What Changed Technically?

Sparse Architecture for Multi-Modality

The key innovation in MoT is its sparse architecture, which decouples non-embedding parameters of the model by modality. This means that feed-forward networks (FFNs), attention matrices, and layer normalization are modality-specific, allowing each type of input to be processed efficiently while maintaining global self-attention over the entire input sequence.

Modality-Specific Processing: Each modality (text, image, speech) has its own FFNs, attention mechanisms, and normalization layers. This allows for specialized processing tailored to the unique characteristics of each data type.
Global Self-Attention: Despite the modality-specific components, MoT maintains global self-attention across the entire input sequence, ensuring that interactions between different modalities are captured.

Why It Matters

Reduced Computational Costs

The sparse architecture of MoT significantly reduces the computational requirements for pretraining multi-modal models. This is crucial because training large, dense multi-modal models can be prohibitively expensive in terms of both time and resources.

Chameleon 7B Setting: In the Chameleon 7B setting (autoregressive text-and-image generation), MoT matches the performance of a dense baseline using only 55.8% of the FLOPs.
Speech Extension: When extended to include speech, MoT achieves comparable speech performance with just 37.2% of the FLOPs required by the dense baseline.

Improved Efficiency in Various Settings

MoT's efficiency is demonstrated across multiple settings and model scales, highlighting its versatility and practical benefits.

Transfusion Setting: In the Transfusion setting, where text and image are trained with different objectives, a 7B MoT model matches the image modality performance of the dense baseline with one-third of the FLOPs.
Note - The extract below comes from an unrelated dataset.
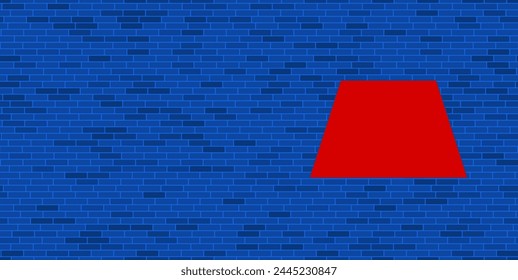 Blue Brick Wall with large red trapezoid symbol. The symbol is located on the right, on the left there is empty space for your content. Vector illustration on blue background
Additionally, a 760M MoT model outperforms a 1.4B dense baseline across key image generation metrics.
System Profiling: System profiling shows that MoT achieves dense baseline image quality in 47.2% of the wall-clock time and text quality in 75.6% of the wall-clock time, measured on AWS p4de.24xlarge instances with NVIDIA A100 GPUs.

Implementation Details

Decoupling Non-Embedding Parameters: By separating FFNs, attention matrices, and normalization layers for each modality, MoT ensures that each type of input is processed efficiently without redundancy.
Global Self-Attention Mechanism: The global self-attention mechanism allows the model to capture interactions between different modalities, maintaining the coherence and context across the entire input sequence.

Benchmarks

Chameleon 7B Setting:
- Performance: Matches dense baseline
- FLOPs: 55.8% of dense baseline
Speech Extension:
- Performance: Comparable to dense baseline
- FLOPs: 37.2% of dense baseline
Transfusion Setting:
- 7B MoT Model:
  - Image Modality Performance: Matches dense baseline
  - FLOPs: One-third of dense baseline
- 760M MoT Model:
  - Outperforms 1.4B dense baseline in key image generation metrics

Conclusion

Mixture-of-Transformers (MoT) represents a significant step forward in the development of multi-modal foundation models. By decoupling non-embedding parameters and maintaining global self-attention, MoT achieves comparable performance to dense baselines while significantly reducing computational costs. This makes it an attractive solution for researchers and practitioners looking to build efficient and scalable multi-modal systems.